Reading an AVR Bootloader From the Application Section

lightbulb
What follows is a brilliant hack, created by Julians Kidmore (aka Snial), the talented mind behind the Fignition project. His ingenious hack, called BootJacker, is documented on his blog, OneWeekWonder. I can’t begin to explain his algorithm as well as he did, so go read his blog. But, in brief, Snial wanted to inject a new smaller boot loader from the application portion of his program in order to reclaim unused flash. He accomplished what ATMEL and their datasheet claim impossible:

“The Application section can never store any Boot Loader code since the SPM instruction is disabled when executed from the Application section.”

More precisely, what ATMEL claim impossible, is for the SPM instruction to write the boot loader section (BLS) from the application section. This protection is normally a good thing. On the arduino, it prevents errant programs from overwriting the boot loader thus rendering the AVR chip useless (requiring low level ISP programming to revive it).
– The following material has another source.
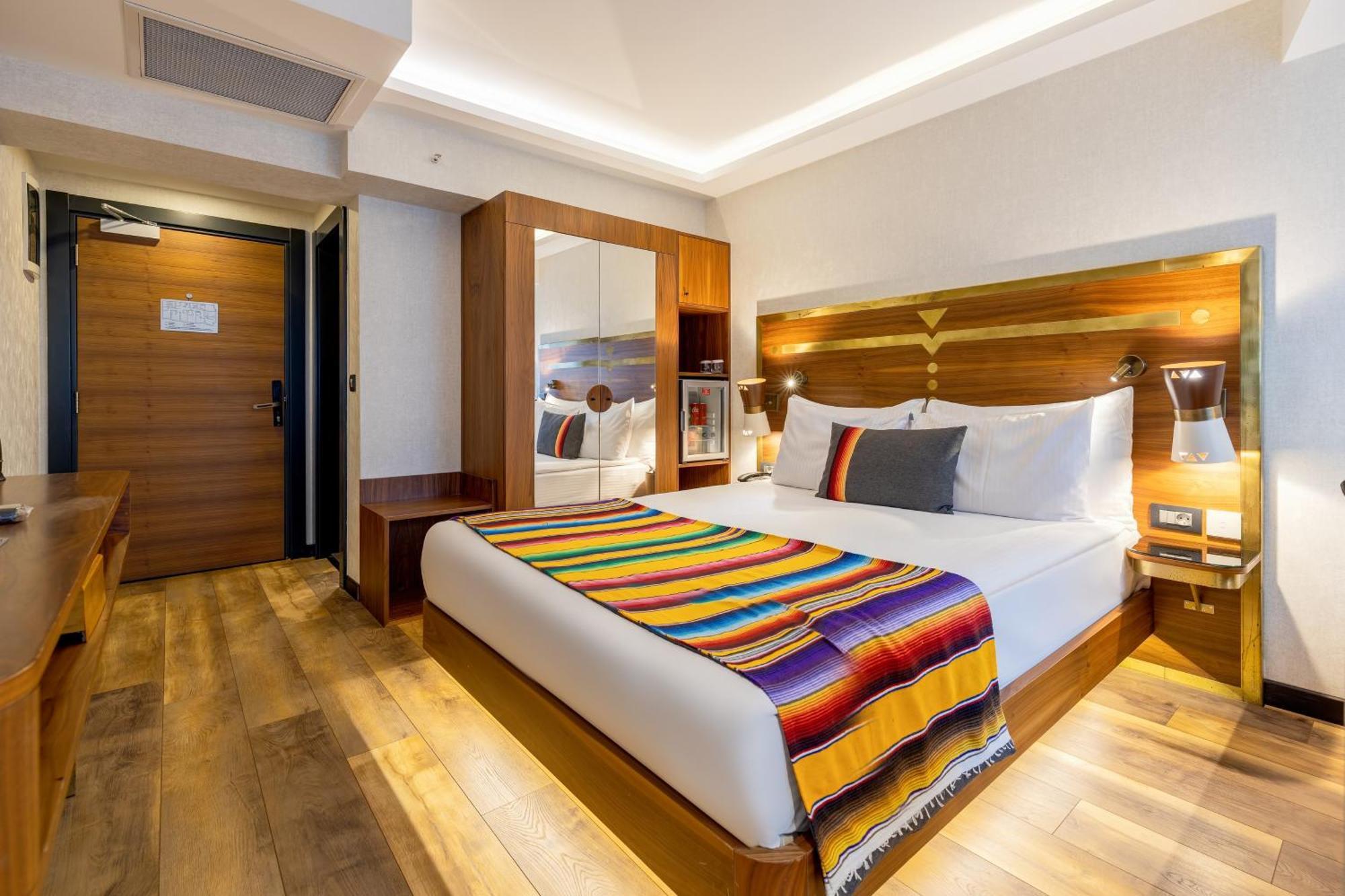 Hay Hotel Alsancak 이즈미르 외부 사진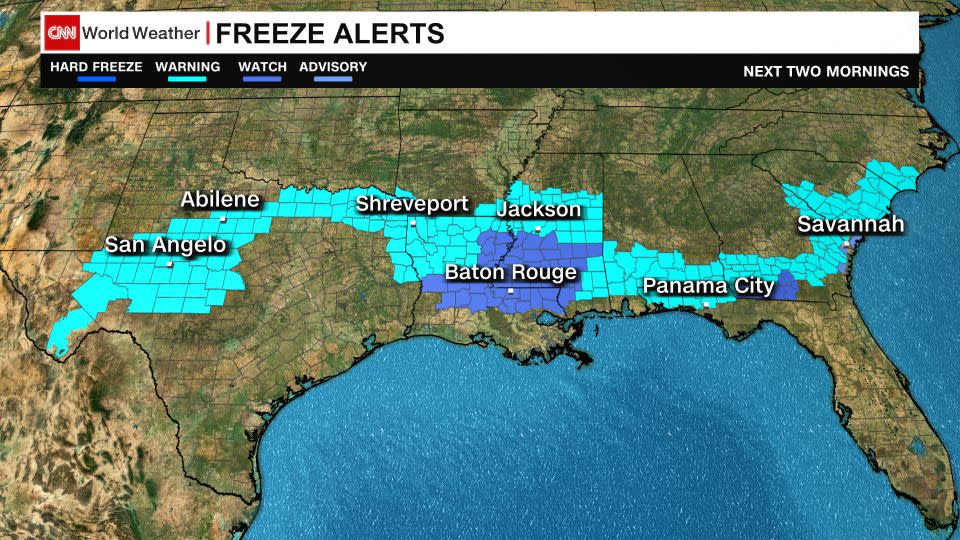 CNN Weather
However, I was recently trying to read the BLS from the application section, and found this too is blocked. Try it and see if you can:

//168 memory location
void setup(void) {
  uint16_t address = 0x3800;
  
  Serial.begin(9600);
  for (uint8_t i=0; i<32; i++)
    Serial.println(pgm_read_byte_near(address++));
}

void loop(void) { }

This program produces gibberish.

However, if I correctly understand the arduino lock bit settings, these are set in such a way to prevent it. The arduino lock bit settings prevent all SPM writes to the BLS, and additionally prevent application section LPMs from reading the BLS. But, the lock bits stop there. There is nothing preventing an LPM from inside the BLS reading the BLS. Am I wrong here?

So I read about the inspired method Snial devised on his blog and thought it could be used to do just that. Use an LPM inside the BLS to read the BLS. Snial’s technique involves devious and potentially catastrophic stack manipulation combined with precise timing to cleverly redirect code execution. I simply jacked Snial’s jack of the SPM instruction, and applied it to the LPM instruction. All the credit goes to Snial, and all the glory goes to God.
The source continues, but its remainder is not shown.